Monday, November 7, 2016

I hate.....

Pre-warning, strong language used and a sensitive topic.

I sometimes hate this journey that I'm on, that I don't have anywhere to run so I don't have to deal with my deeper issues.  I especially hate that this is how my day starts to control the pain, the panic, the sleepless nights, the nightmares, the depression, the way my brain works, and feeling like I'm powerless to stop it.



I hate the stigma that stands against mental illness. I hate the way people feel burdened when I express the way I feel and why I feel that way, or why I don't know what's causing it this time.  I hate that I feel I need to hide how badly it can feel sometimes, because it matters more that I make others comfortable than be able to just fall apart.


When I am doing what it takes to get to get there, please don't look at me as if I'm "less-than." Please trust me when I say that this is not a choice, it is not me choosing to wallow or suffer when "there are things that I could do to make me feel better."


  • They say to run
  • To get outside and get sun
  • They say I'll find things that will make me smile
  • That I'll feel better after a little while
  • Throw yourself into work
  • Go somewhere new
  • Religion: just pray more
  • Hang out with friends
  • Eventually what's hurt will mend. 


That may be true for you, and that's fantastic. I'm glad you've found how to keep your demons at bay, that you do not feel like there is a hole inside of you, sucking any joy and regurgitating it back into your bloodstream as despair and self-doubt and rage. What you must remember, however, is that I am not you. I will never "learn" to be like you. These things will not work for me because I have tried everything you're telling me.

For me, enacting your techniques turns into obsessive running away, where if I'm reminded of what I'm running from, I will throw myself more into my fix: relationships, work, exercise, travel, spending money, going out and drinking, compulsive baking to give to friends so that they validate me.

I have to deal with this in a more extreme way because my body does not have the proper climbing tools to tackle my mountain. Everyone has their mountains to climb; some people are missing a rope; some people are missing a jacket; some people are missing a guide; some people are missing food; some people are missing so many things they don't even know how to begin to climb their mountain. I'm missing a tent, a pick, safety rope, and shoes. If I naturally had these, it might be a different excursion. I have got to find these tools and find them my way so that when the time comes, I can use them instead of tumbling back down to base camp.
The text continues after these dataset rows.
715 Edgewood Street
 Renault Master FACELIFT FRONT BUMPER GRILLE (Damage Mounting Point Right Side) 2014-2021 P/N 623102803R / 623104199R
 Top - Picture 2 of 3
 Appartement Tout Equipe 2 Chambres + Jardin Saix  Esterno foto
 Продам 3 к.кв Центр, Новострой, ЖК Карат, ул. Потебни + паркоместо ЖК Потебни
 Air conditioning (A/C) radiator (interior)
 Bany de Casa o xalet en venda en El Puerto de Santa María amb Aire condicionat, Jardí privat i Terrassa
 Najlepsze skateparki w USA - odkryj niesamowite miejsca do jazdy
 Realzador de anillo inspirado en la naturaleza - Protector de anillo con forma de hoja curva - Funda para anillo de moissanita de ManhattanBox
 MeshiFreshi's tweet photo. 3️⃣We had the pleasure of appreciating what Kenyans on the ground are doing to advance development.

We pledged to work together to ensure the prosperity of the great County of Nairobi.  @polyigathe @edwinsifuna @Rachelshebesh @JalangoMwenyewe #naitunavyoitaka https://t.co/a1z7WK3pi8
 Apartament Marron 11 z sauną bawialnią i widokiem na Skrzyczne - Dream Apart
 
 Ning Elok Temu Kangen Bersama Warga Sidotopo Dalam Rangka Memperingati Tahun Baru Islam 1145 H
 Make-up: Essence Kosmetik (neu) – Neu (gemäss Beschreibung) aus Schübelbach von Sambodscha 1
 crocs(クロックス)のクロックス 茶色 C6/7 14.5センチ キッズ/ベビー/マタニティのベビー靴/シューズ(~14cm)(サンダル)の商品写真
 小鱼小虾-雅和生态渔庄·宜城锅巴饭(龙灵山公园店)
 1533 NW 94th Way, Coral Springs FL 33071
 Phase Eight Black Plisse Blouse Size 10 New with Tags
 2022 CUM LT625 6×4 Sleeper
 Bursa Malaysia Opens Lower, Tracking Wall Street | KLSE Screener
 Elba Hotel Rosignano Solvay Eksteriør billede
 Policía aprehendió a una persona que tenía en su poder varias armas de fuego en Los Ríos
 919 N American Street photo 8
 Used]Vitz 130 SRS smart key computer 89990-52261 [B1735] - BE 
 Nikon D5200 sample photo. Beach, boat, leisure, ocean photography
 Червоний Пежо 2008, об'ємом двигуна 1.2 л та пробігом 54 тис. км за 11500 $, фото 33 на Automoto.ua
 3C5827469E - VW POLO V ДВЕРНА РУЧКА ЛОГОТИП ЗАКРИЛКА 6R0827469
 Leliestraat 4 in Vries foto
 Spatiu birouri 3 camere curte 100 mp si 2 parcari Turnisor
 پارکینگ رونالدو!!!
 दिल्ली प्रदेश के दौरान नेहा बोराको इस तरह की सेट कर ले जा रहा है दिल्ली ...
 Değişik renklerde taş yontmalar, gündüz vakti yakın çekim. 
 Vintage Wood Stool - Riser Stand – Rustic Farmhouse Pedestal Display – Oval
For those who do not understand my analogy above, my chemicals are not balanced. I am "off", and maybe I am a freak, but there is nothing you can call me or say that my brain hasn't a million times already.

Bitch.
Emotional piece of shit.
Worthless.
Stupid. 
Why can't you figure this out, you idiot.
Get over it.
Stop feeling this way.
Dumbass, you lose everything.
No one wants you around when you're miserable.
Freak.
Neurotic.
Emotional wreck. 
You shouldn't feel like this; something's wrong with you.
You're not really depressed you're just seeking attention.
Why are you so needy?
You're disgustingly fat.
Everyone can handle life, why can't you?
You haven't heard from them, so they're probably dead; shouldn't you have prevented it?
Why can't you get your shit together?
Damn, you suck at everything.
Why can't you control yourself?
Stop worrying about the little stuff
But remember if something goes wrong it's your fault because you're a failure.
You deserve this, you know.
How you feel is punishment for anything you've ever done wrong.
God, what is wrong with you?
Your crap is less important-why don't you help someone for a change?
Look, others have it worse, okay? Be grateful that your feelings are your only problem.
Stop crying, it's not that bad.
You did this to yourself.
Why can't you just be happy?
If you were normal you wouldn't need meds.
You ruin everything.
You're so freaking clumsy.
You are the worst, no wonder no one wants you.
Who would want to deal with someone as broken as you?


This is my inner voice. This is the one I hear the most, when I'm alone, when something is upsetting me, when I'm thinking of how to react. My inner voice does not tell me it's okay. She doesn't comfort me, or tell me the good things about me. She kicks me when I'm down with her steel-toed boots and throws dirt in my eyes so I can't see the light. She needs to be fixed, because she's the one who absorbed other's words about me when I tried to act like they didn't affect me.



Meet that the part of a book that has spoken more deeply to me than anything I've ever read before:



I hate that others feel like they can pass judgement on me; they think I am weak, a freak, that my future is bleak, that I will be meek and submissive ... excuse me if I become dismissive, I get enough of that from myself.


They don't understand how trauma can be real. They don't comprehend that people process things differently, that what stresses you out doesn't phase me; that what sends me into panic may be an easy task for you. "Normal" is a perspective word. I am not saying I'm normal, I know that my codependency is not normal, but it is common. I understand that depression is not healthy; it is a sickness. I understand that anxiety can be managed without medication, but sometimes, you need medicine. I understand that it may not make sense to you, but do not pass judgement on me for something you don't understand.